Hi again, Mary... these bottles are probably American and very recent. Could we see the other sides.... thanks, Michael


----------



## maryrobb1 (Tuesday at 4:27 PM)

mrosman said:


> Hi again, Mary... these bottles are probably American and very recent. Could we see the other sides.... thanks, Michael


----------



## maryrobb1 (Tuesday at 9:25 PM)

How do I find out about these bottles


----------



## hemihampton (Tuesday at 10:10 PM)

what is it you want to know? Value? Age? Rarity? Collectibility?
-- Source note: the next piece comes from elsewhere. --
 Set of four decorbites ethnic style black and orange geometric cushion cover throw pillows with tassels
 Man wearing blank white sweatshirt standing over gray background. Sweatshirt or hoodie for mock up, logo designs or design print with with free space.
What States sold in?


----------



## maryrobb1 (Tuesday at 10:45 PM)

Age what's it worth I was told there from the modern era


----------



## hemihampton (Tuesday at 11:05 PM)

I don't know much about them. But do know being newer probably not much value unfortunately. Somebody else might know more? LEON.


----------



## maryrobb1 (Wednesday at 10:12 AM)

I would love to know the age and what these bottles are worth can someone help me.?


----------



## mrosman (Friday at 11:55 AM)

Definitely American,,, but have never seen them before. Must be very modern era


----------



## maryrobb1 (Friday at 1:56 PM)

How would I find out what there worth


----------



## Canadacan (Friday at 4:22 PM)

maryrobb1 said:


> How would I find out what there worth


Maybe a dollar or two each. Unfortunately these are too modern to have any real demand or value yet. These appear to be from the 1990's or early 2000's


----------



## maryrobb1 (Friday at 7:04 PM)

Canadacan said:


> Maybe a dollar or two each. Unfortunately these are too modern to have any real demand or value yet. These appear to be from the 1990's or early 2000's


I don't remember ever seeing these how can I know for sure


----------



## Canadacan (Friday at 10:43 PM)

maryrobb1 said:


> I don't remember ever seeing these how can I know for sure


I've been collecting for 35 years...lol, this is one from 2008ish according to a blog.....it's possible the ones you have are even newer.
You will just have to keep searching 'Orange Crush' bottle images to see if you can find the exact bottle and information.
But trust me they aren't any older than 1990 or so.


----------